4.2. A Requerente foi objecto de uma acção inspectiva externa às demonstrações financeiras e declarações fiscais relativas ao exercício fiscal findo a 30 de Setembro de 2007 (exercício fiscal de 2006), em resultado da qual foram promovidas diversas correcções ao IRC liquidado pela Requerente.

4.3. Em resultado da referida acção de inspecção, a Requerente foi notificada do relatório final em Dezembro de 2009, no qual a DSIT promoveu, entre outras correcções à matéria colectável, uma correcção relativa à tributação autónoma incidente sobre as despesas com ajudas de custo e de compensação pela deslocação em viatura própria do trabalhador, no montante de € 41.891,36.

4.4. Em face das correcções supra referidas, a Requerente viria a ser notificada, em 23 de Dezembro de 2009, da liquidação adicional de IRC n.º 2009 ..., relativa ao exercício de 2006, no montante total de € 451.932,46, incluindo juros compensatórios.

4.5. Não obstante, por não concordar com parte das correcções promovidas pela DSIT, a Requerente apresentou reclamação graciosa com vista à sua contestação.

4.6. Em 15 de Março de 2012, a Requerente foi notificada da decisão final de indeferimento da reclamação graciosa apresentada.

4.7. A Requerente interpôs recurso hierárquico da mesma.

4.8. Em 25 de Julho de 2014 a Requerente foi notificada da decisão de indeferimento do recurso hierárquico interposto.

4.9. A DSIT efectuou uma correcção no montante de € 41.891,36, respeitante à tributação autónoma sobre os encargos com ajudas de custo e compensação pela deslocação em viatura própria do trabalhador.

4.10. No decurso do processo de inspecção conduzido pela DSIT, a Requerente demonstrou que os custos em apreço respeitam a ajudas de custo e a compensação pela deslocação em viatura própria do trabalhador que são facturados a clientes.

4.11. Não obstante, a DSIT entendeu que os custos em apreço deveriam ser sujeitos a tributação autónoma, utilizando como argumentação base para justificar a correcção o facto de a Requerente não proceder à discriminação explícita destes custos nas facturas emitidas aos seus clientes.

4.12. A Requerente discorda dessa exigência entendendo que a mesma não decorre directa ou indirectamente do n.º 9 do artigo 81.º do Código do IRC, na redacção em vigor à data dos factos.
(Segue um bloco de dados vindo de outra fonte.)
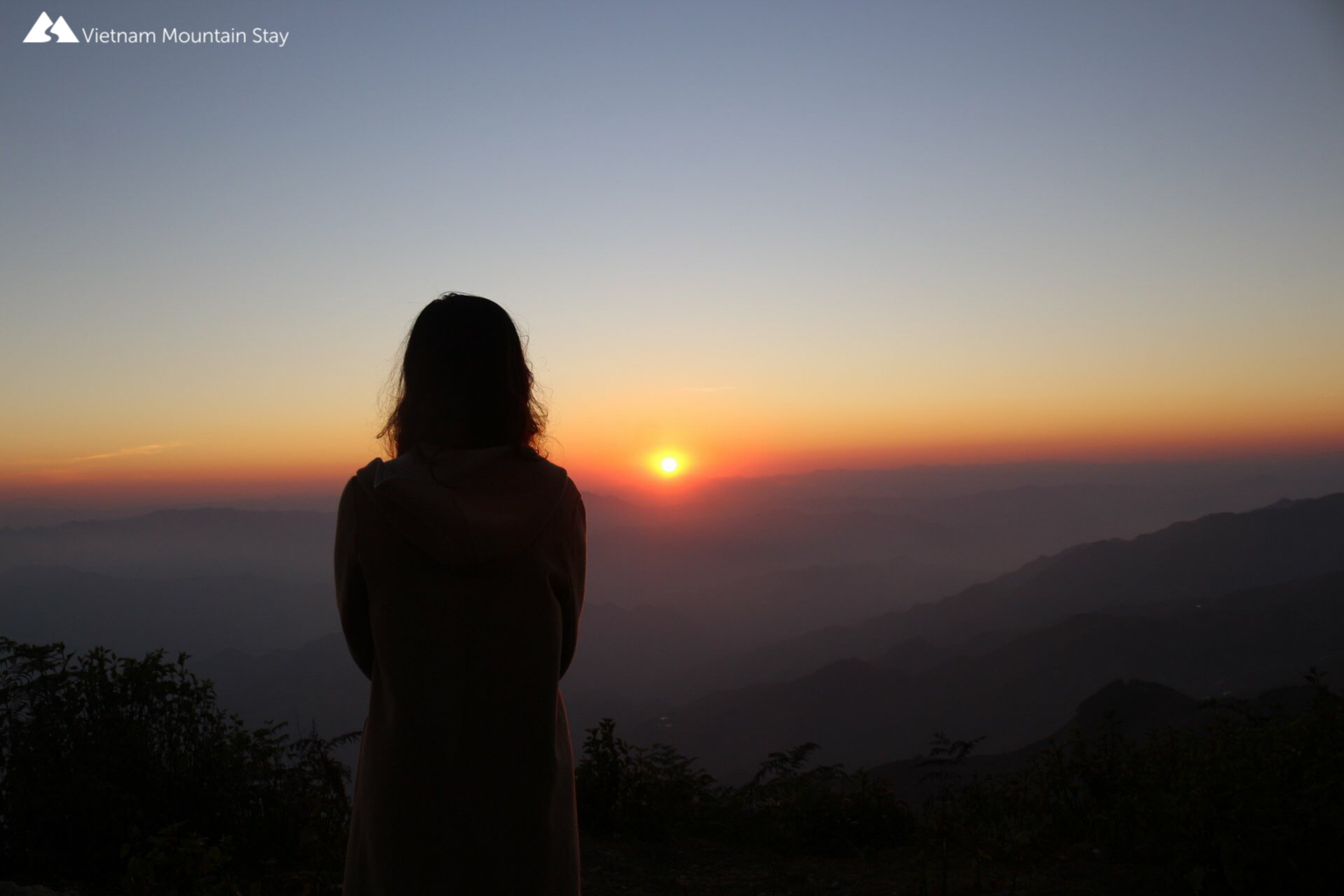 watching sunset over summit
4.13. Efectivamente, o n.º 9 do artigo 81.º do Código do IRC apenas refere que não são sujeitas a tributação autónoma as despesas com ajudas de custo e com compensação pela deslocação em viatura própria do trabalhador facturadas a clientes, não impondo qualquer obrigação quanto à forma dos requisitos documentais que permitam comprovar este facto.

4.14. No que toca a requisitos documentais em sede de IRC, o que releva para efeitos da comprovação fiscal de um determinado custo é, essencialmente, a comprovação da sua efectiva realização por parte do sujeito passivo e a sua indispensabilidade para a realização dos proveitos ou para a manutenção da fonte produtora.
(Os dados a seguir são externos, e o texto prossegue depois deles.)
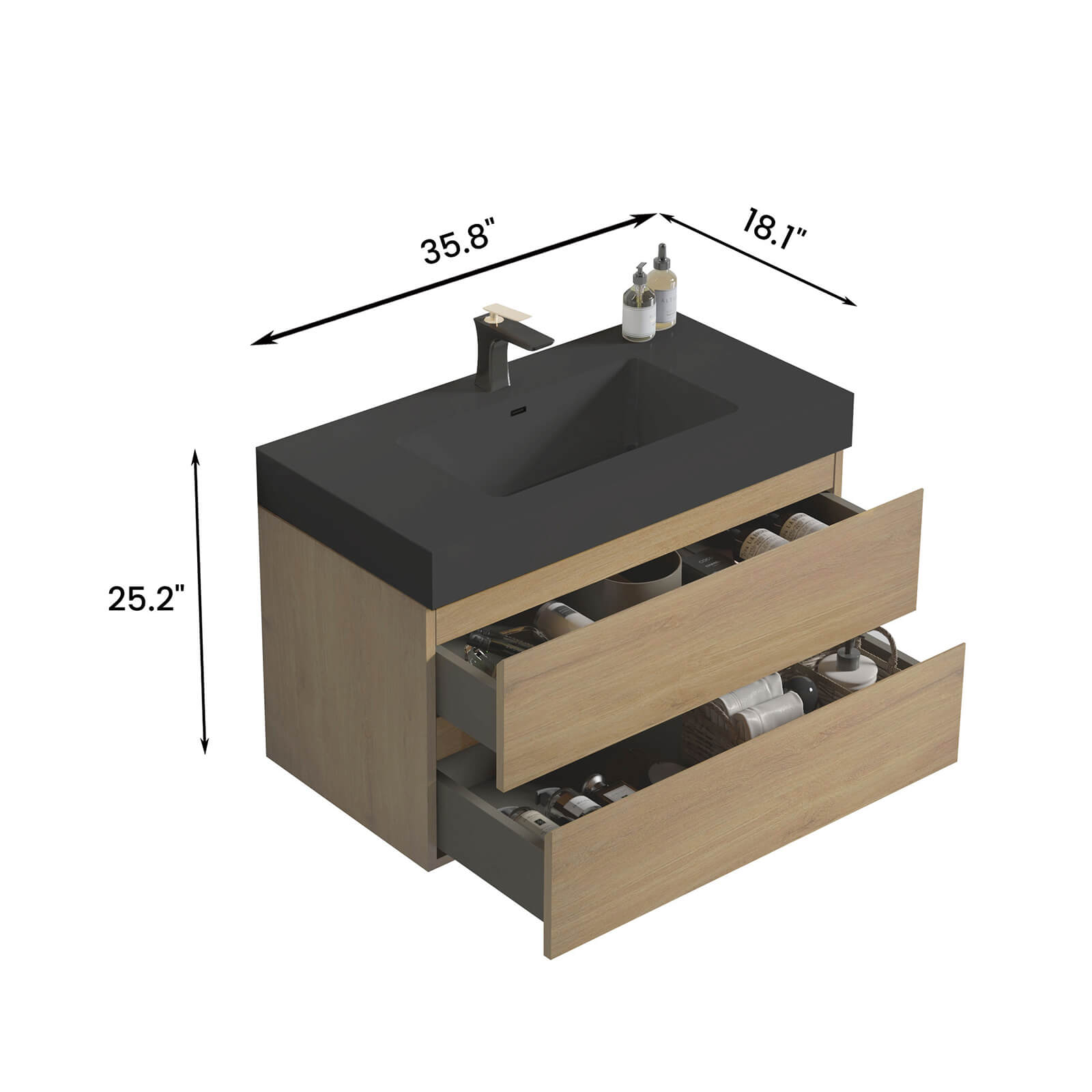36 in Oak Bathroom Vanity with Integrated Black Basin Dimensions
4.15. Ora, conforme a Requerente considera ter demonstrado, dispõe da sua contabilidade organizada por forma a controlar os custos que efectivamente factura aos seus clientes, bem como a dar cumprimento aos requisitos mencionados no n.º 3 do artigo 17.º do Código do IRC, segundo os quais a contabilidade deverá, designadamente, estar organizada de acordo com a normalização contabilística, reflectir todas as operações realizadas pelo sujeito passivo e estar organizada nos termos da lei comercial e fiscal, permitindo o controlo do lucro tributável.

4.16. Nesta medida, e uma vez que a sua contabilidade está organizada nos termos supra referidos, entende a Requerente que goza da presunção da veracidade e de boa-fé das suas declarações, bem como os dados e apuramentos inscritos na contabilidade ou escrita, nos termos do n.º 1 do artigo 75.º da LGT.

4.17. A Requerente considera ainda ter cumprido a regra de organização da contabilidade consagrada na alínea a) do n.º 3 do artigo 115.º (actual artigo 123.º) do Código do IRC, uma vez que apresentou mapas de controlo destas ajudas de custos como apoio documental, os quais não foram questionados pela DSIT.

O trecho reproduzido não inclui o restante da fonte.